┌─ MATERIAL SHOWN
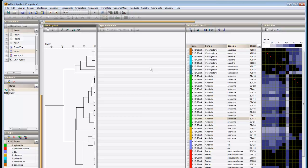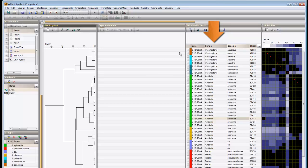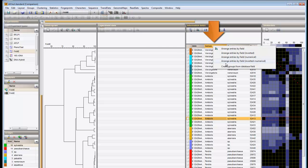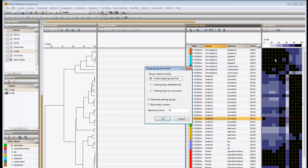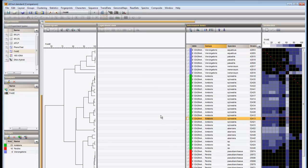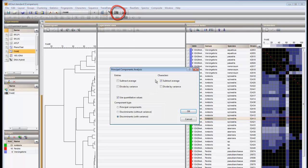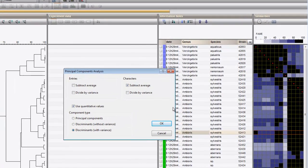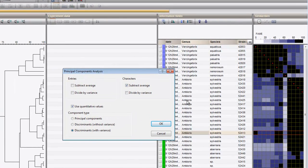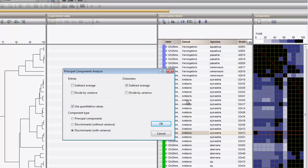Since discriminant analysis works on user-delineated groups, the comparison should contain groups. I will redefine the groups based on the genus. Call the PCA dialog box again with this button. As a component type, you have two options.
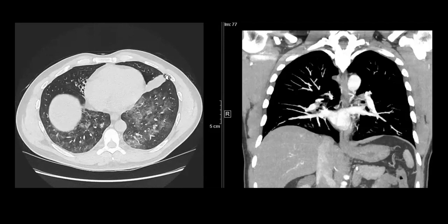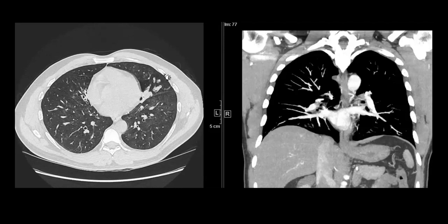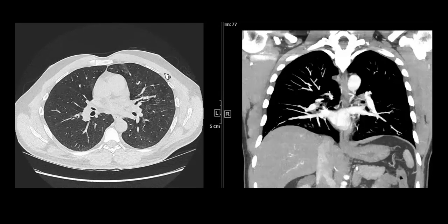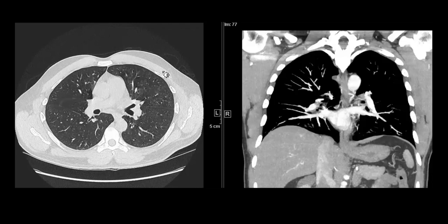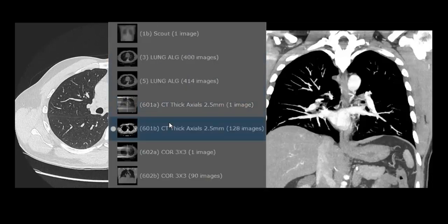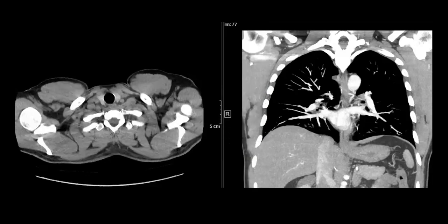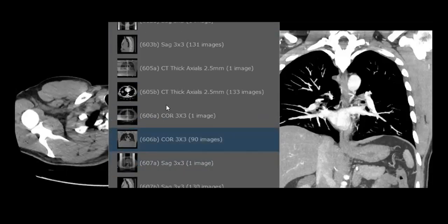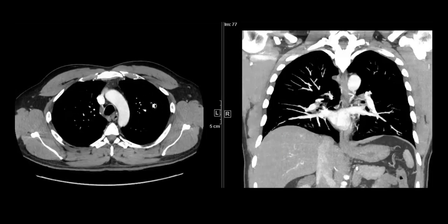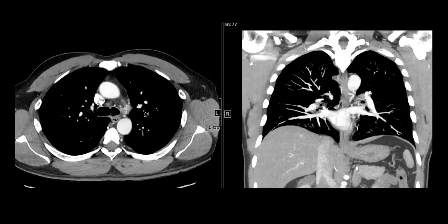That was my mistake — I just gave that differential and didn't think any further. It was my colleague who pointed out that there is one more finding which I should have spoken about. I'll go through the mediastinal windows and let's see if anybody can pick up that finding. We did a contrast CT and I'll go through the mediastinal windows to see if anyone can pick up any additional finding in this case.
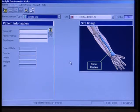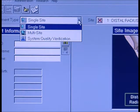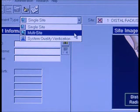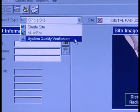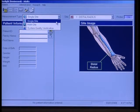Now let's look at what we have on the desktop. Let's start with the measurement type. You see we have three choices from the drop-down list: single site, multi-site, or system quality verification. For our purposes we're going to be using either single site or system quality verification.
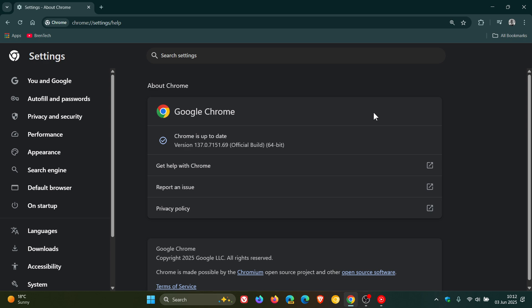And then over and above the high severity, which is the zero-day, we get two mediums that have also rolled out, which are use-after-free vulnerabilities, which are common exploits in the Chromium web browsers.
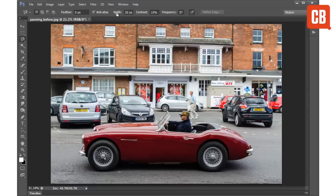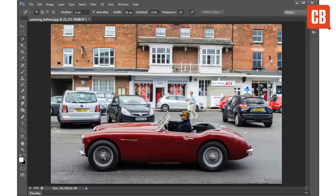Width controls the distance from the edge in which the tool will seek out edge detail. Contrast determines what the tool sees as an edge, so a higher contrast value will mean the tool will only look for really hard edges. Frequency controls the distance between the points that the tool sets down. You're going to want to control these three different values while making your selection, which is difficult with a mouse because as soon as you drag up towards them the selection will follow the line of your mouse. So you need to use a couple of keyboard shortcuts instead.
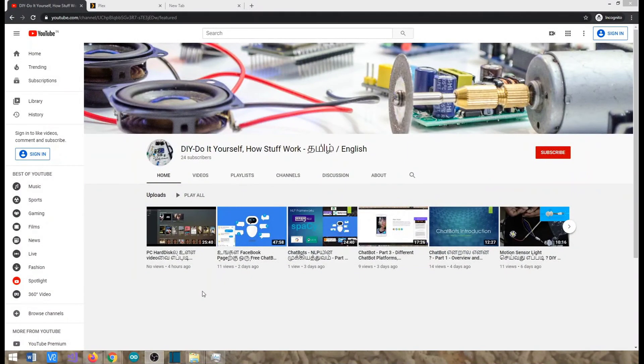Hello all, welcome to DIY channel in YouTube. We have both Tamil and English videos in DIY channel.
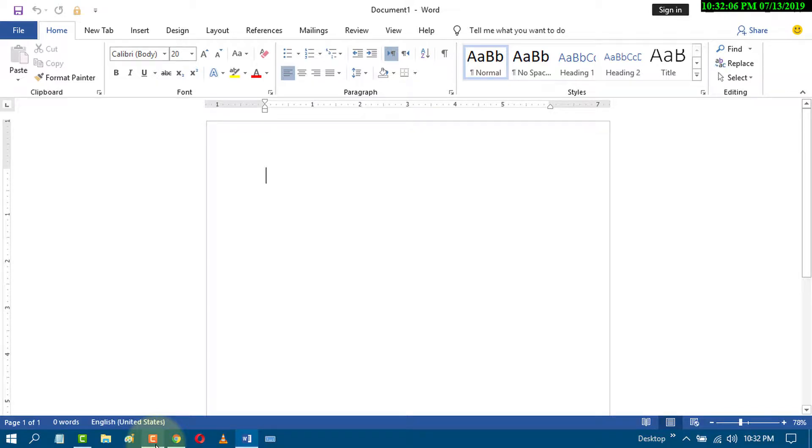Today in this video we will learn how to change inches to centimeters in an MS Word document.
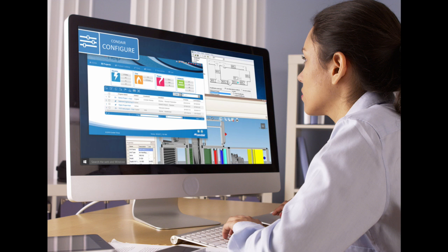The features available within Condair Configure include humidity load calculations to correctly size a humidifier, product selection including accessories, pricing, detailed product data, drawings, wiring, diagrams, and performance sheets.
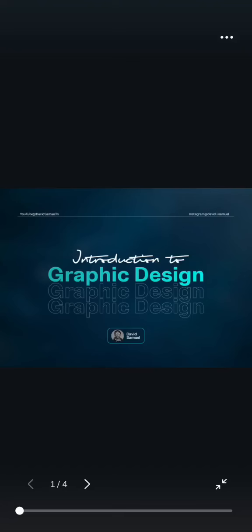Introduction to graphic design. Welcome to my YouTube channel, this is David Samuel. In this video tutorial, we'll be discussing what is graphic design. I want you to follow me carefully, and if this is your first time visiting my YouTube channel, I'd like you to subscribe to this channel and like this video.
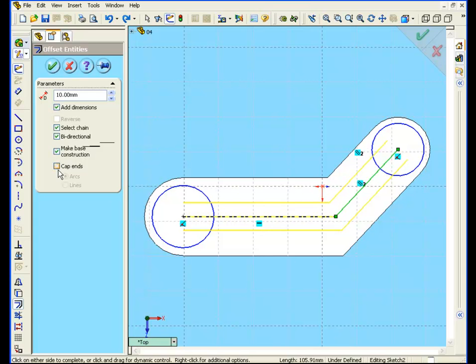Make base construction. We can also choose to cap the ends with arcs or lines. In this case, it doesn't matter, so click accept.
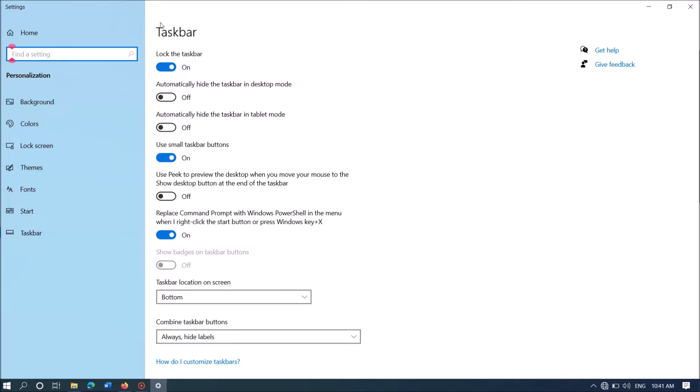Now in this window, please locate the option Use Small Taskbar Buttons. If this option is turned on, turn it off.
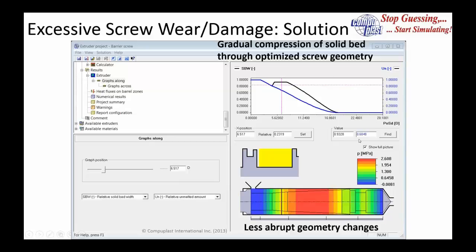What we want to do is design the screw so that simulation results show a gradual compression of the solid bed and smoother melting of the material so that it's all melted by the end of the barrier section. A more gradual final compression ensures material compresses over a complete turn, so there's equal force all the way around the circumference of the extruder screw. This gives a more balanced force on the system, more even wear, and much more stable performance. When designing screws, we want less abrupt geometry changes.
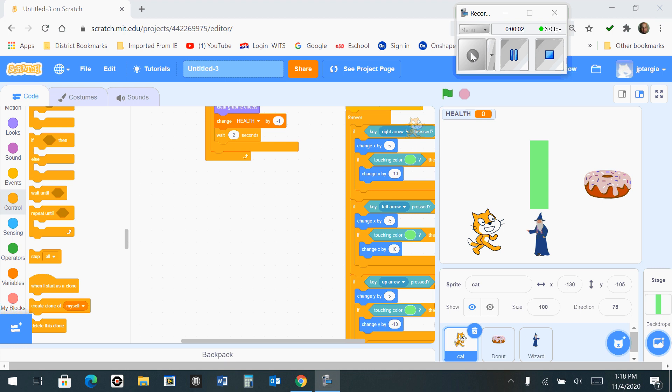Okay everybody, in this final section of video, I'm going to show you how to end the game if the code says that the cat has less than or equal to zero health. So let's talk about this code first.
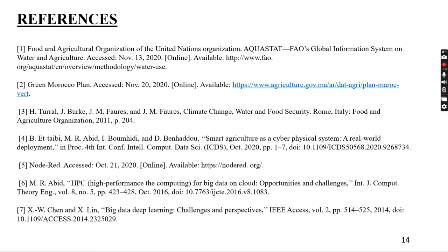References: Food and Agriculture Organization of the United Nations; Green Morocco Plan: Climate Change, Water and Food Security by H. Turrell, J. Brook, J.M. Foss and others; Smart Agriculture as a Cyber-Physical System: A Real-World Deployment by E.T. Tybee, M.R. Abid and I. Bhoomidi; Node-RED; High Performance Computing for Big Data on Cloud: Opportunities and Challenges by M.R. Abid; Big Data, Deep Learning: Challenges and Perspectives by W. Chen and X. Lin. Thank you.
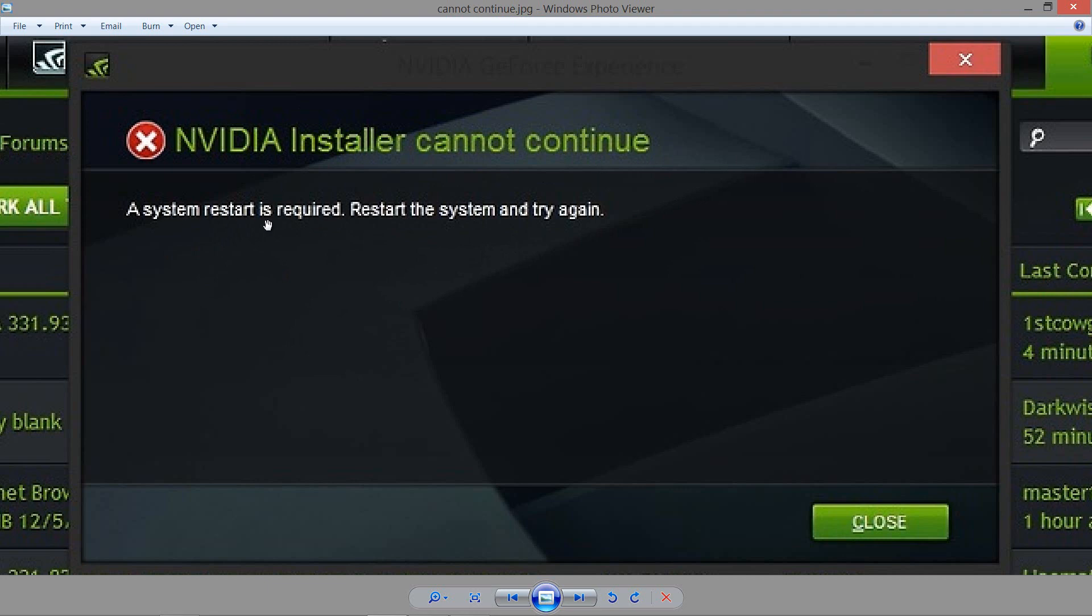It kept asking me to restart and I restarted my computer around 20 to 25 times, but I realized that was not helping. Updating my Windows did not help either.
└─
**PROBLEM REQUIREMENTS**:
Go back to the entries above and restate word for word every line from the first through the one that contains "And then over", leaving the pictures behind.

**TASK RESULT**:
Since discriminant analysis works on user-delineated groups, the comparison should contain groups. I will redefine the groups based on the genus. Call the PCA dialog box again with this button. As a component type, you have two options.
That was my mistake — I just gave that differential and didn't think any further. It was my colleague who pointed out that there is one more finding which I should have spoken about. I'll go through the mediastinal windows and let's see if anybody can pick up that finding. We did a contrast CT and I'll go through the mediastinal windows to see if anyone can pick up any additional finding in this case.
Now let's look at what we have on the desktop. Let's start with the measurement type. You see we have three choices from the drop-down list: single site, multi-site, or system quality verification. For our purposes we're going to be using either single site or system quality verification.
And then over and above the high severity, which is the zero-day, we get two mediums that have also rolled out, which are use-after-free vulnerabilities, which are common exploits in the Chromium web browsers.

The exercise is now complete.